━━━ Material supplied ━━━

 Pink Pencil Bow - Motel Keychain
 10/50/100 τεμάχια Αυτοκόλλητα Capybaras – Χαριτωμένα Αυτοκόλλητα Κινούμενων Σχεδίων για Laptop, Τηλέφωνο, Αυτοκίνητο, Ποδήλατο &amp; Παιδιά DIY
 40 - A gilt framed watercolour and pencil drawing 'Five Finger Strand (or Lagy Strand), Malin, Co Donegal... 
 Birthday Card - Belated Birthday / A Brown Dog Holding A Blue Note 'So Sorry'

━━━
━━━ Material supplied ━━━

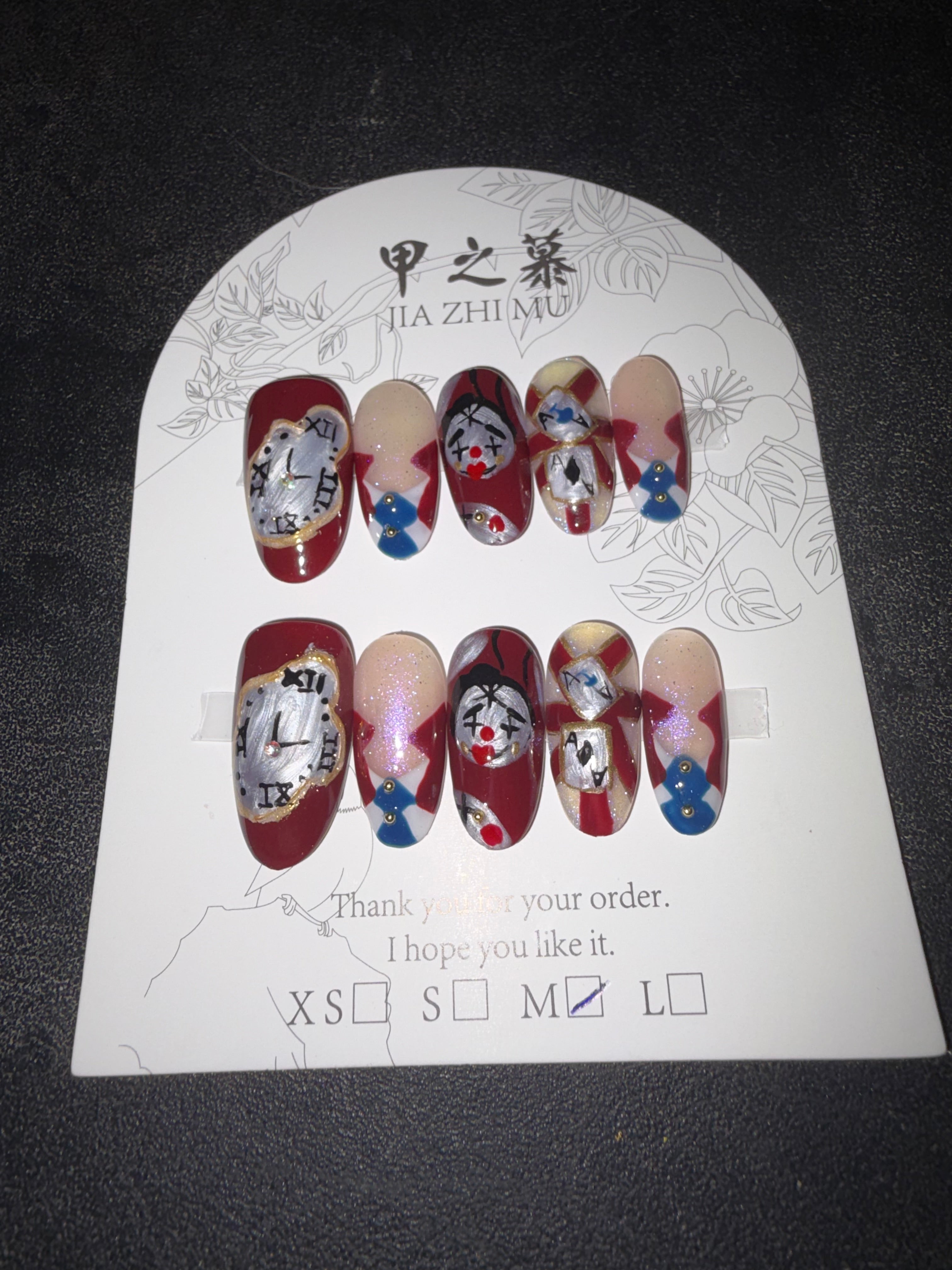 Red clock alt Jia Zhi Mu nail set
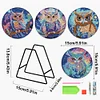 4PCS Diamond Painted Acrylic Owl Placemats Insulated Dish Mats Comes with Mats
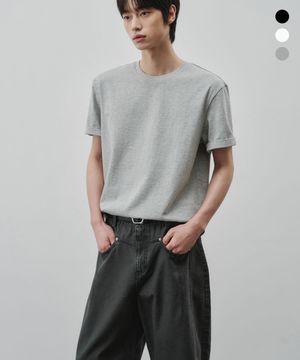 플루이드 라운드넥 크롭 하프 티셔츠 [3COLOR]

━━━
━━━ Material supplied ━━━

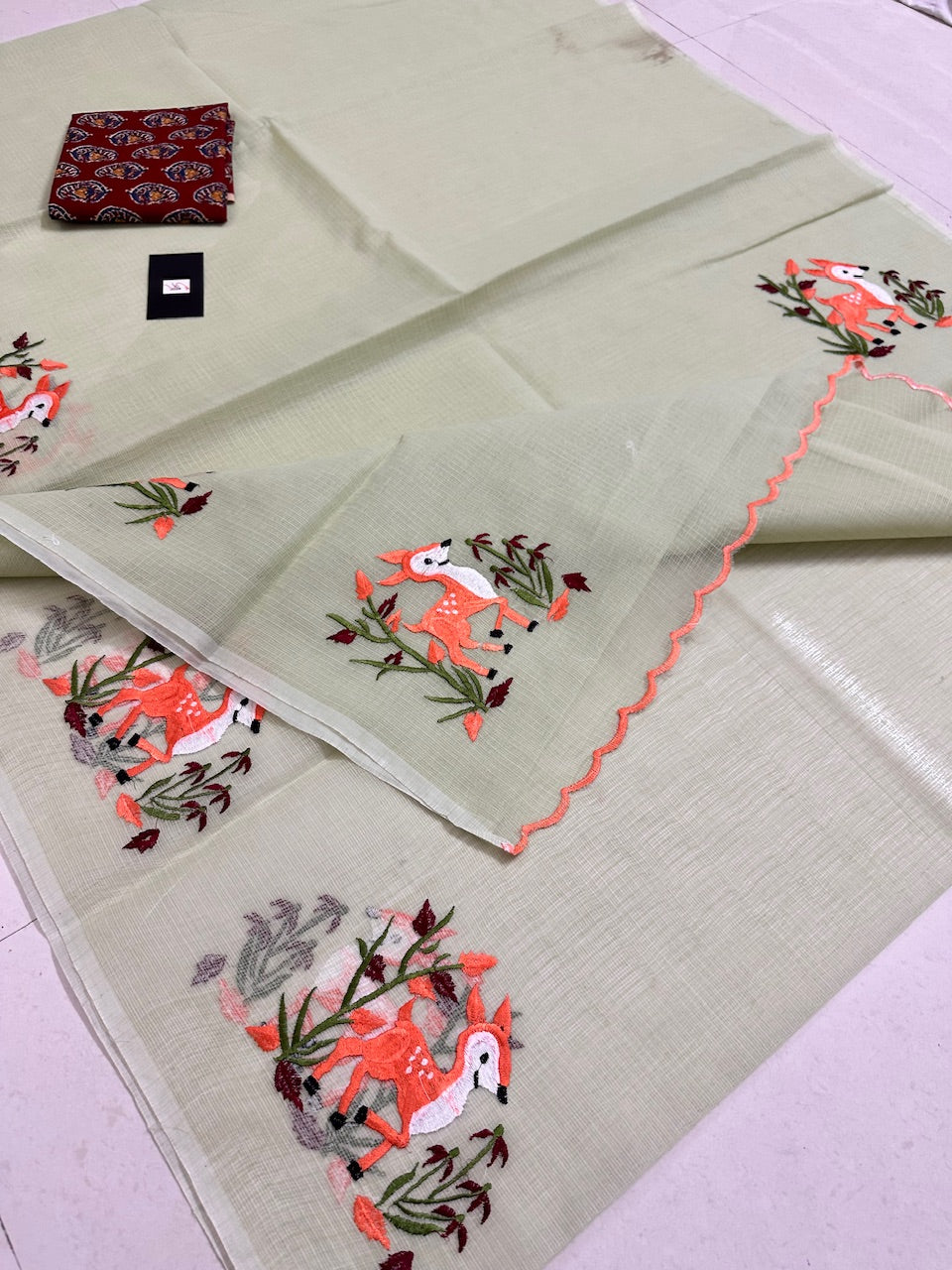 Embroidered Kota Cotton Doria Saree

━━━

* **Your instructions**: Out of the material above, output word for word the line with "40 - A gilt", the line with "Birthday Card - Belated", and all lines between them, with nothing else.

* **Result of this task**:
 40 - A gilt framed watercolour and pencil drawing 'Five Finger Strand (or Lagy Strand), Malin, Co Donegal... 
 Birthday Card - Belated Birthday / A Brown Dog Holding A Blue Note 'So Sorry'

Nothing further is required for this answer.